● **Work task**
Print the listing below verbatim, passing over each picture.
§ §
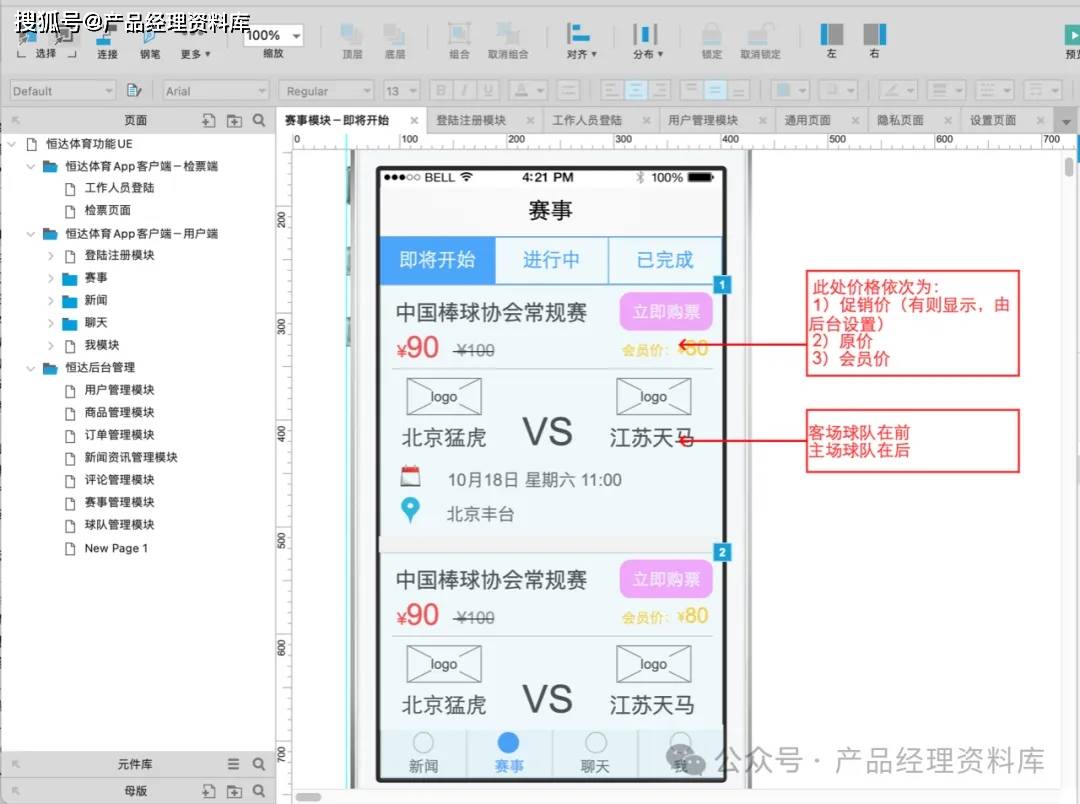 皇冠体育app_体育赛事APP产品Axure RP原型.rp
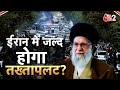 AAJTAK 2 IRAN में भयानक हिंसक झड़प सैंकड़ों की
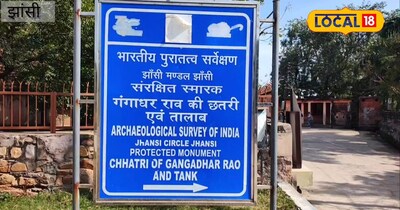 गंगाधर राव की छतरी 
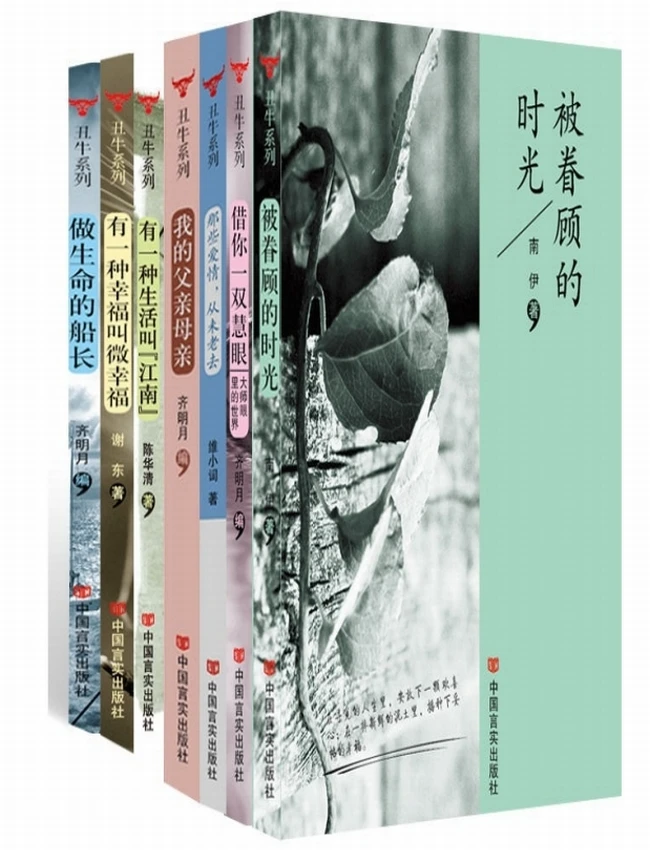 丑牛系列（套装7本）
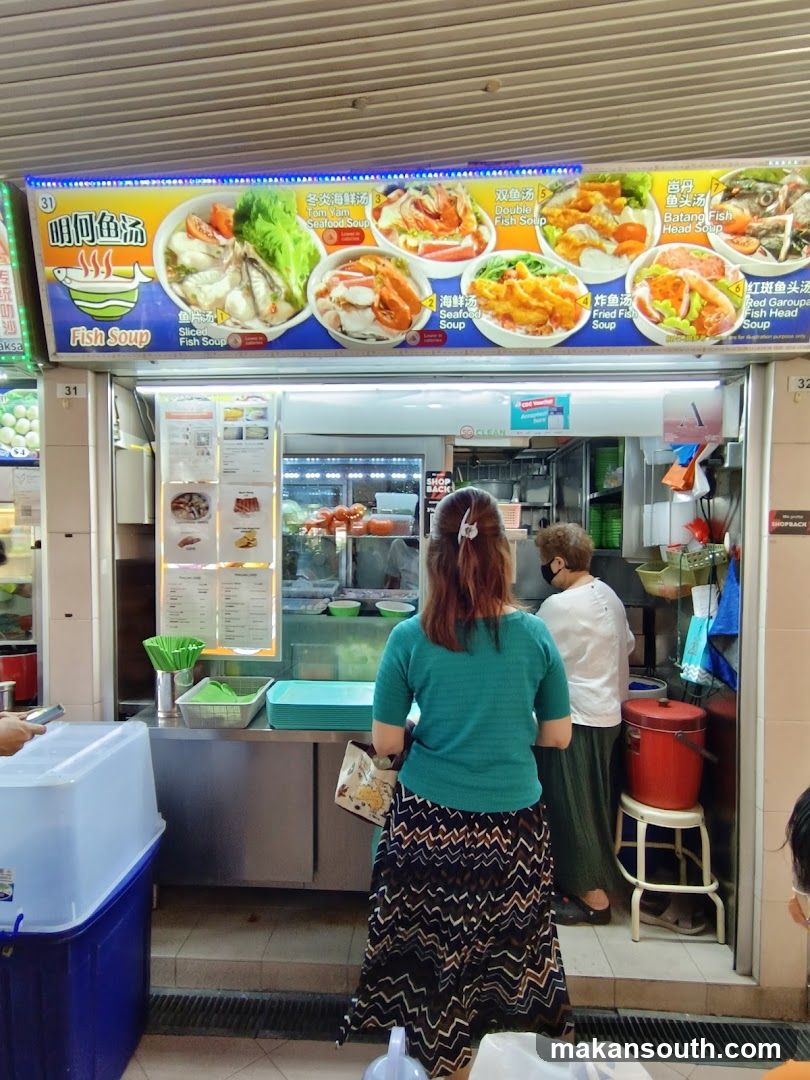 Food Stall Interior View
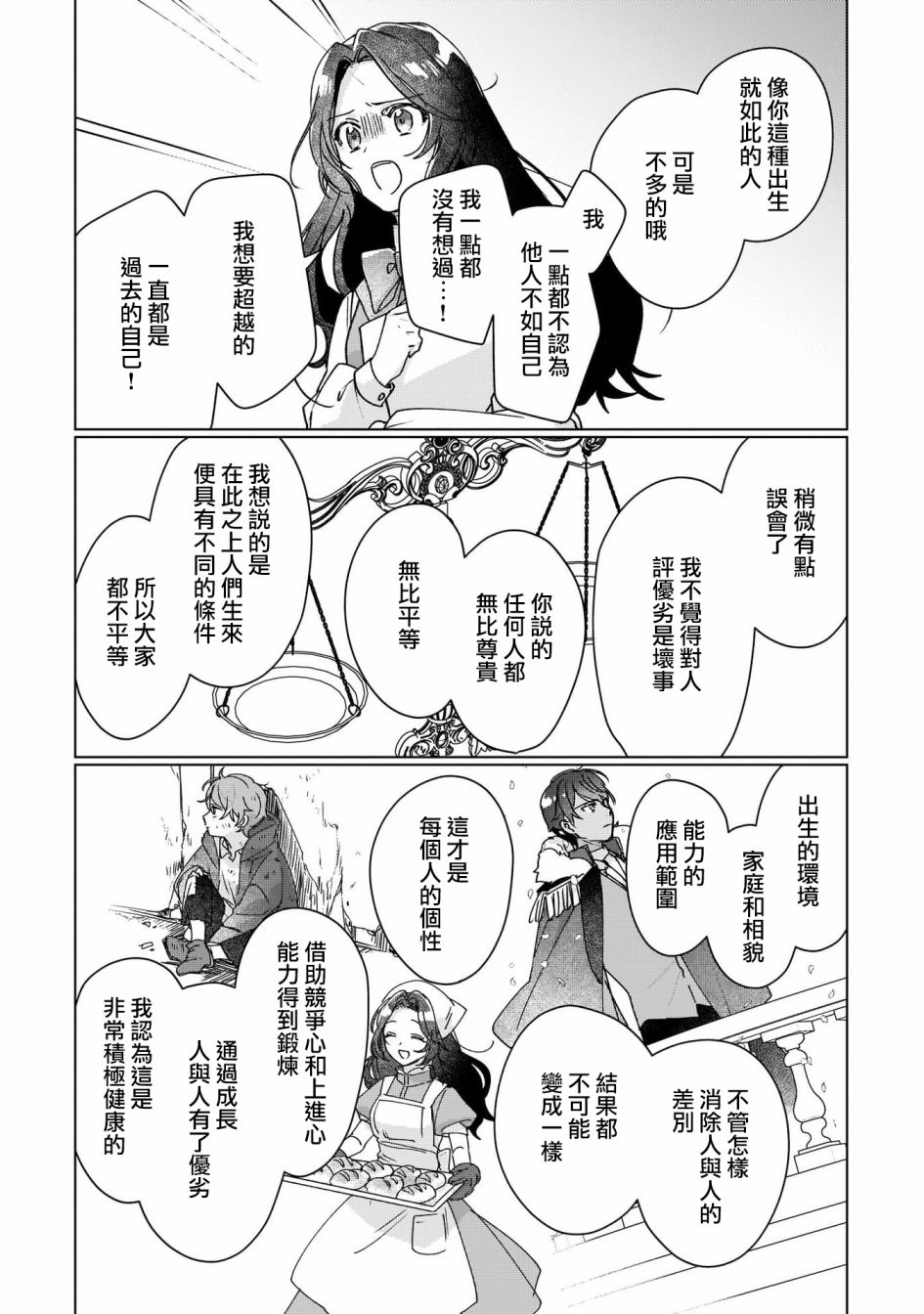 《成为名垂青史的恶役千金吧！少女越坏王子越爱！》漫画最新章节第9话免费下拉式在线观看章节第【27】张图片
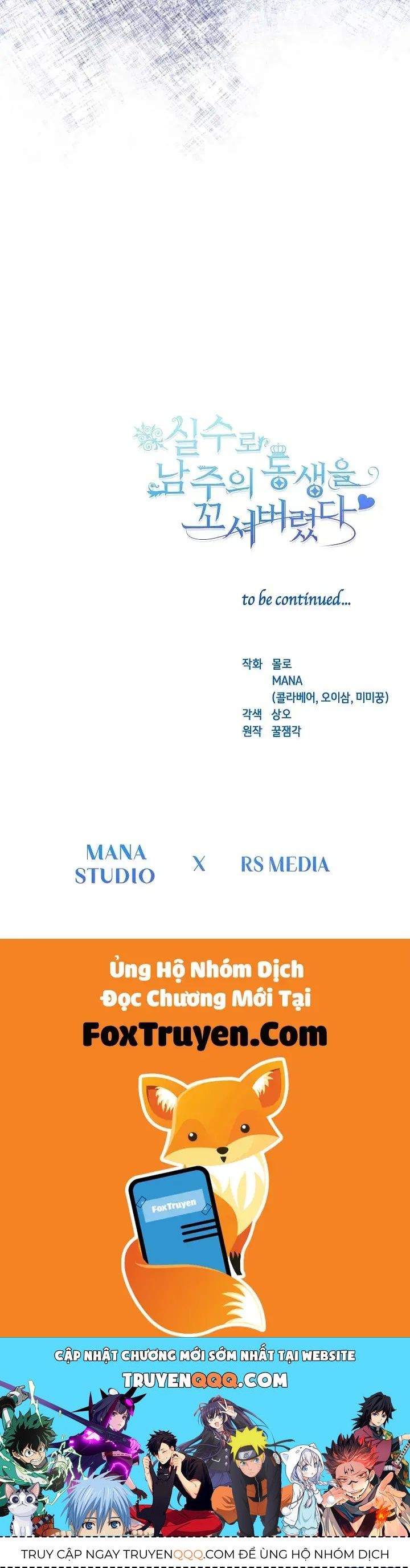 Tôi Đã Vô Tình Quyến Rũ Em Trai Của Nam Chính - Chapter 35 - Page 79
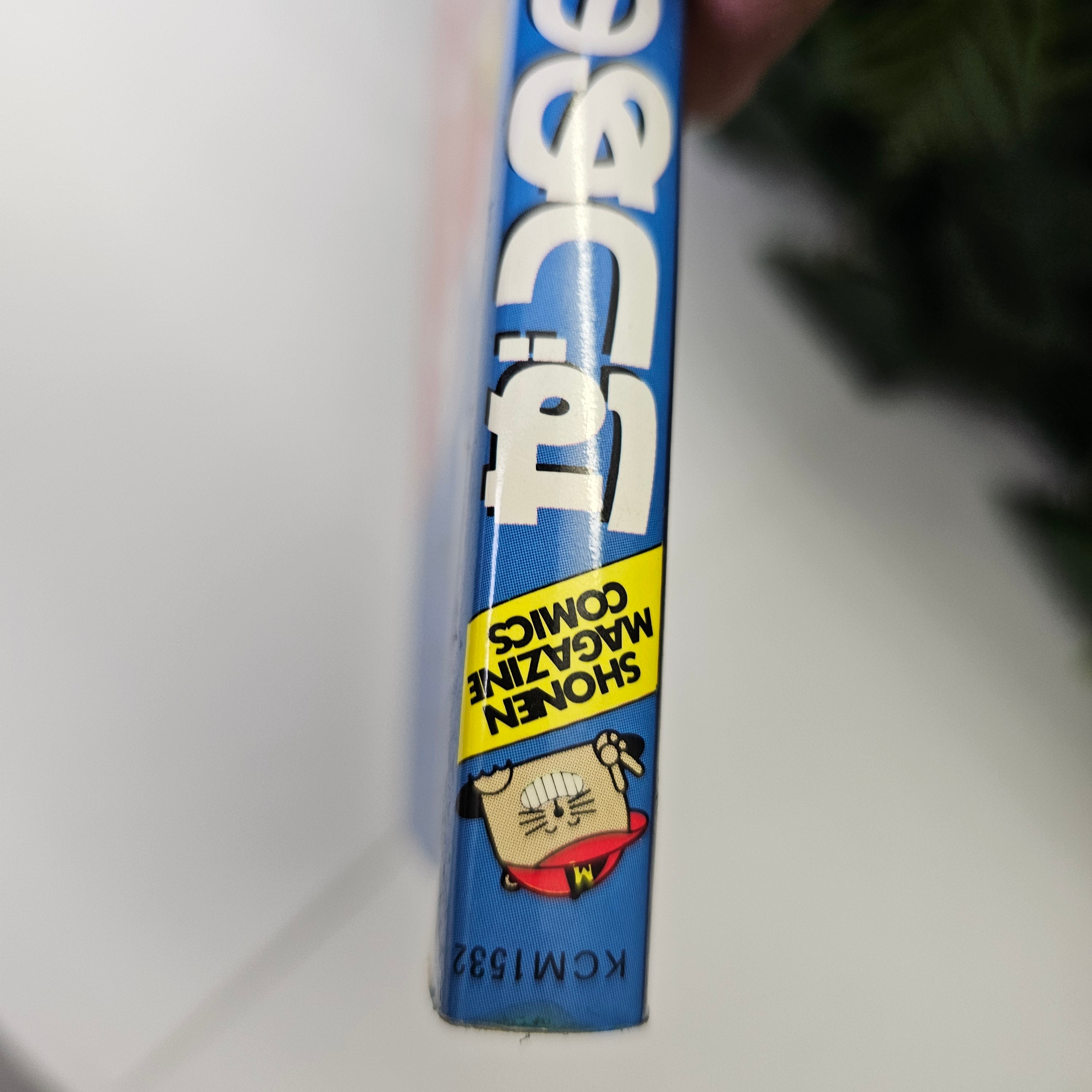 Hajime No Ippo - Tome 1 (VO)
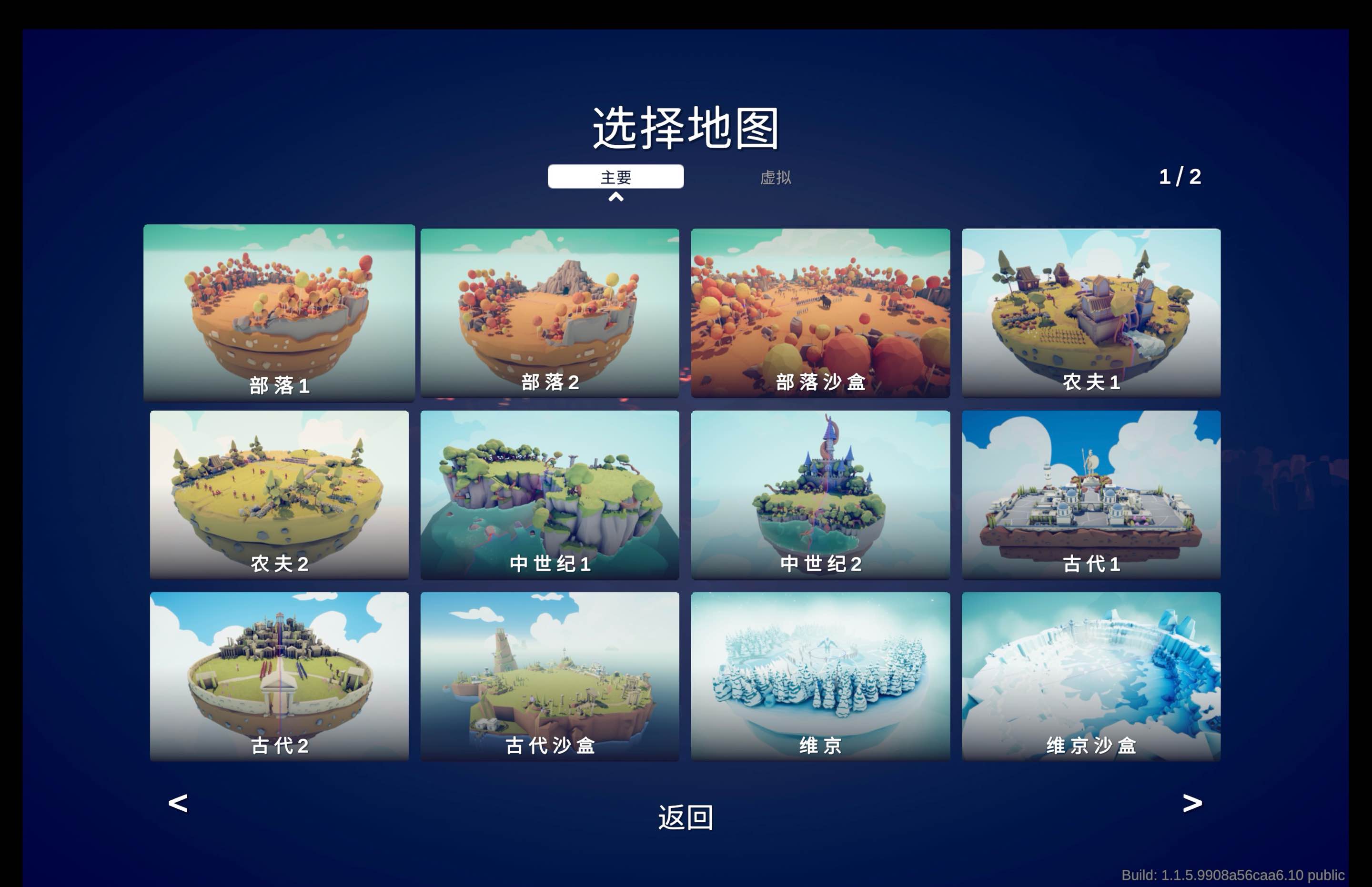 全面战争模拟器 for Mac Totally Accurate Battle Simulator v1.1.6 中文原生版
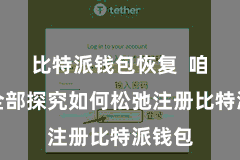 比特派钱包恢复  咱们来全部探究如何松弛注册比特派钱包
§ §
● **Answer area**
 皇冠体育app_体育赛事APP产品Axure RP原型.rp
 AAJTAK 2 IRAN में भयानक हिंसक झड़प सैंकड़ों की
 गंगाधर राव की छतरी 
 丑牛系列（套装7本）
 Food Stall Interior View
 《成为名垂青史的恶役千金吧！少女越坏王子越爱！》漫画最新章节第9话免费下拉式在线观看章节第【27】张图片
 Tôi Đã Vô Tình Quyến Rũ Em Trai Của Nam Chính - Chapter 35 - Page 79
 Hajime No Ippo - Tome 1 (VO)
 全面战争模拟器 for Mac Totally Accurate Battle Simulator v1.1.6 中文原生版
 比特派钱包恢复  咱们来全部探究如何松弛注册比特派钱包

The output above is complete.